When the oncologist said we had to say goodbye, Dale had, at that moment (while having that tumor lodged and obstructing much of his capacity to speak and to seemingly comprehend what was happening) pulled out his own feeding tube, as if to say he knew he had to leave us. I couldn’t process this gesture. I didn’t know how to ascribe the significance. The oncologist said, here it is, he knows what’s happening and I still wasn’t sure if it was a gesture of discomfort (and a reaction to the steroids keeping him alive while we prepared to say goodbye) or if it was a symbolic gesture of greeting the end or of letting go. I was skeptical of quick assessments and of narrative truths.
At that moment I wished I wasn’t a poet because I felt that I had developed a too-sophisticated sense of what the symbolic could hold. I didn’t believe it was represented in these gestures. It felt too literal to be symbolic. I believed the body’s discomfort somehow overruled the mind’s freedom to find and use symbolism.
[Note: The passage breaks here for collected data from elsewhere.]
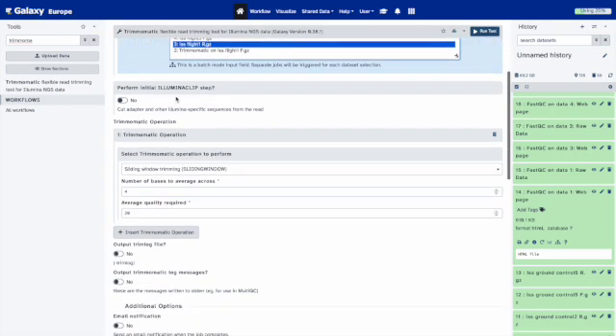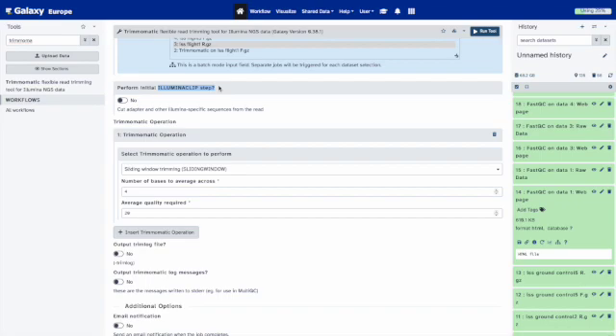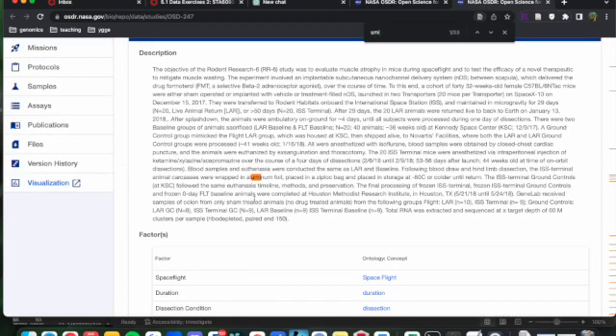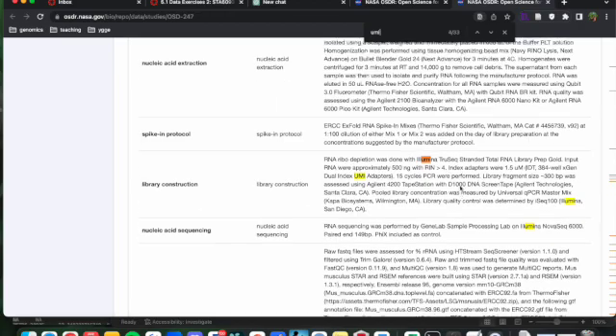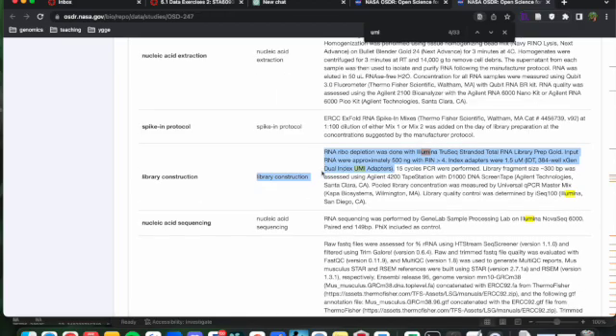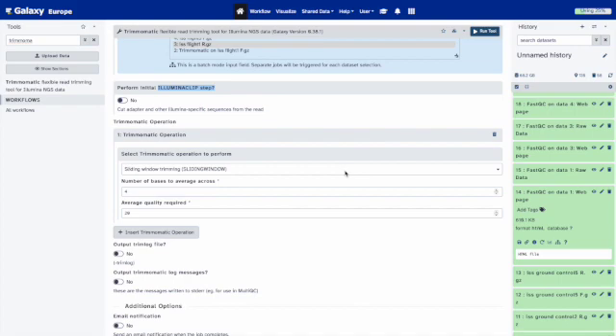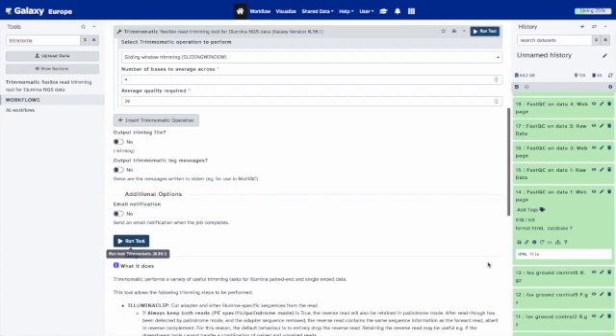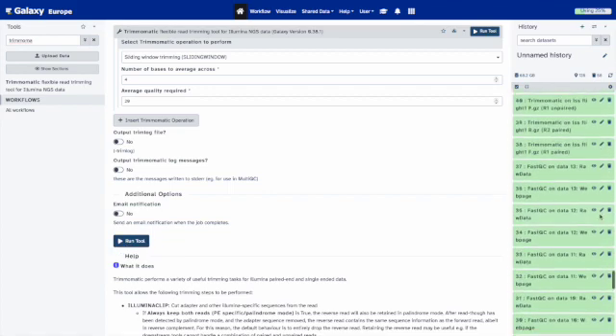Leave everything else alone — we're not going to use the Illumina clip adapter removal because we have a specific adapter. Our specific adapter is called the dual index UMI adapter, and we have a UMI tool that will remove those adapters specifically. The Illumina clip will non-specifically remove adapters, so it's not really helpful here. We also want to maintain the 4:12 and quality threshold of 20 ratio. Go ahead and run that. When done, you'll get a bunch of Trimmomatic files.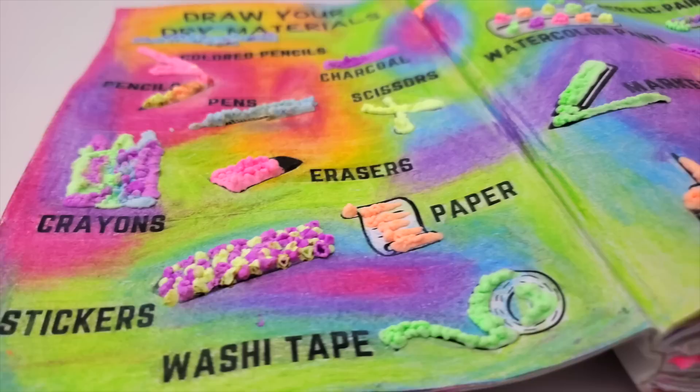If you want to see more Draw Your Journal episodes, I have the playlist linked in one of these two boxes. Thank you so much for watching, and I'll see you next week for another video. Bye!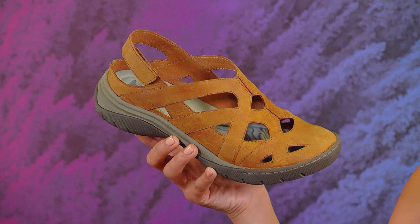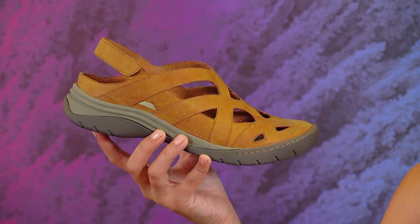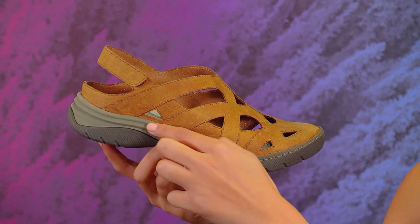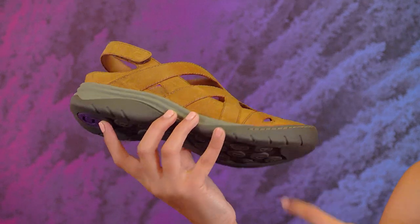I love the quick-drying EVA footbed, designed to get wet without absorbing water. The new midsole helps absorb shock to cushion your feet on those rocky summer hikes, and it's all built on a grippy rubber outsole.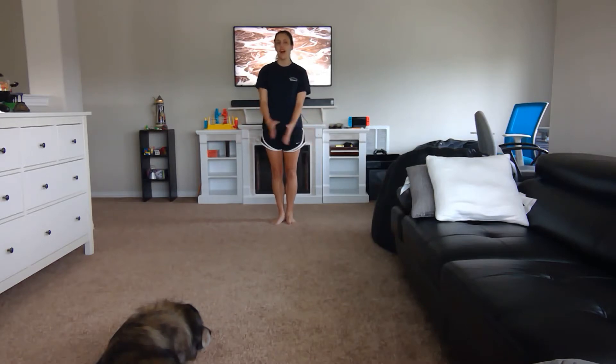Hello Broadway gymnasts! Today I'm going to be showing you how to put together part one and part two of the level two beam routine. My name is Coach Alyssa.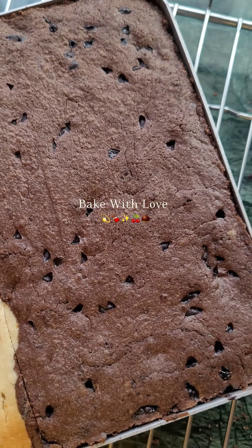Top the normal cake batter with a little cherries and bake both for 40-45 minutes at 180 degrees. You can see the texture — it is so amazing, so definitely try it and enjoy! I hope you liked our Bake with Love Episode 1. Do not forget to like, share, and subscribe.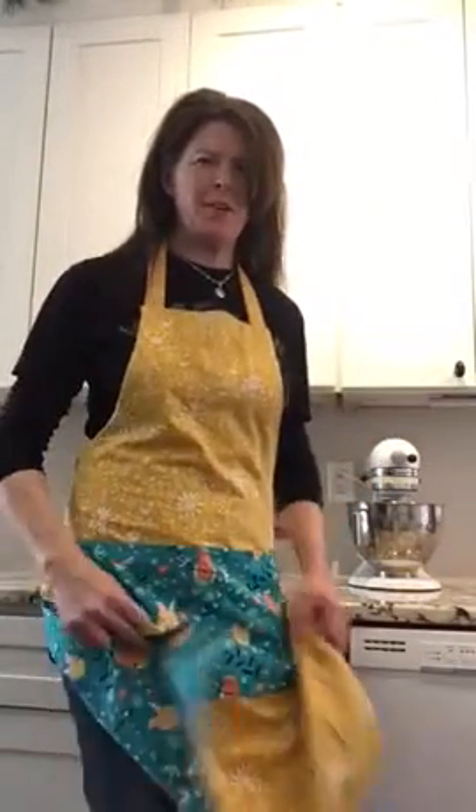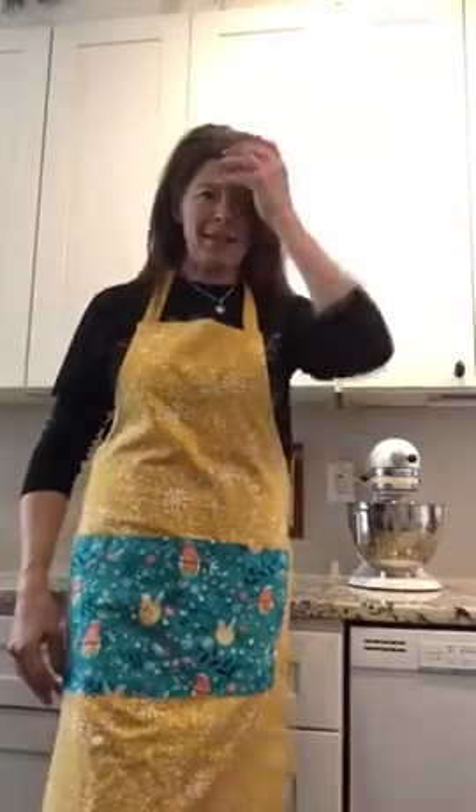Hi everybody, it's Kim from Sew Academy. I just whipped up this cute full-size apron because I wanted to show you what we're going to be making in this apron class. It has a pocket in the front so you can put your recipe cards or whatever you need to in front, and it is reversible.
This is something I want to think more about: death, narrative, symbolism, and the end-of-life work we do.
And so we had to say goodbye—unexpectedly—and it was unbearable to let him go. We were hoping we had six months to a year left. I spent those two months fussing and freaking out over his care and advocating for his life and trying to find the right palliative care doctor, and so I was not prepared to lose him so quickly and unexpectedly and I didn’t even feel like the palliative care doctor knew what was happening—she didn’t prepare me correctly for anything that was happening. She seemed unable to somehow. I remember speaking to his oncologist (finally, who had been away for the holiday break) who said I was right: he was either over-medicated (from the palliative care doctor I thought and believed and consequently did not want to care for him anymore) or he had a brain tumor. When the tumor was confirmed I felt so angry at myself for diagnosing the possibilities: Did it matter what I had assessed? I didn’t want any of it to be true. Did it matter that I thought he had cancer in October when he started to choke on his food? No. What did it teach me? Nothing about reality. Nothing so far had taught me about death. Poetry hadn’t either. That is, until I found it during the grieving process.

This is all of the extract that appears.